Q - What kind of a manager was Peter Grant? Was he more like Brian Epstein or Col. Parker?

A - He was more human than Parker. He was a very powerful man, but he had amazingly articulate side to him.

Q - Powerful in what sense?

A - Physically powerful. He managed the world's largest band (Led Zeppelin) so he had a lot of clout. He was amazingly shrewd and shrewd in the business world. He held the respect of all his peers. He was one of the best managers that ever was.

Q - Why, when Zeppelin was no more, does it mean that Bad Company was over as well?

A - Because, when Bonzo died, Zeppelin broke up. Swan Song went into incubation because most of the money at Swan Song was tied up in Zeppelin. Peter Grant had a drug problem and was unable to carry out his managerial duties. Bad Company was pretty well burned out from all the years of touring. So it was like the proverbial domino principle. Everything started falling away.

Q - What was Peter Grant's drug of choice?

A - Coke. (Cocaine).

Q - How many records has Bad Company sold? Any idea?

A - Between 20 - 25 million. Maybe 30. I'm not sure. With singles, maybe about 30.
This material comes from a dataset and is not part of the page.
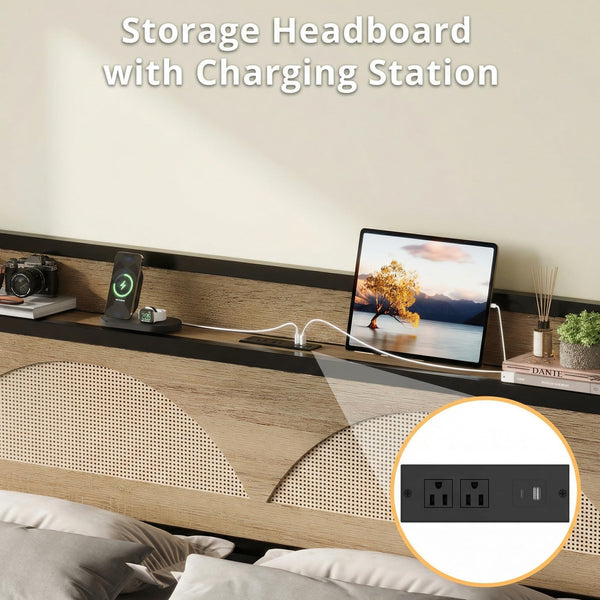 Rattan Queen Bed Frame with LED Lights & Charging Station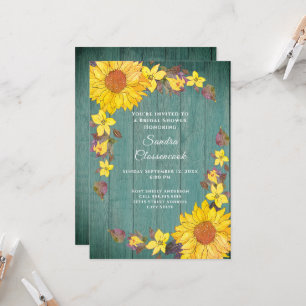 Rustic Sunflower Sage Wood Wedding Bridal Shower Invitation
Q - Mick Ralphs has said, "Bad Company is more important than any individual in it."

A - Absolutely right.

Q - What did he mean by that?

A - Bad Company is greater than the sum of its parts. That's the phrase isn't it? If the individual members of Bad Company were paid to strike out on their own, would have nowhere near the success that Bad Company has had as a unit. That's what it means.

Q - Rolling Stone has stated, "Bad Company proves that there is always a market for riffy blues rock." Is that the secret to your success?

A - That's part of our musical appeal, our musical makeup. We're not strictly riffy blues-rock, although that does play a large part of our music. We’re a bit more melodic than that. There's a certain softer side to Bad Company Our primary appeal could be based on riffy blues, but that is only part of it.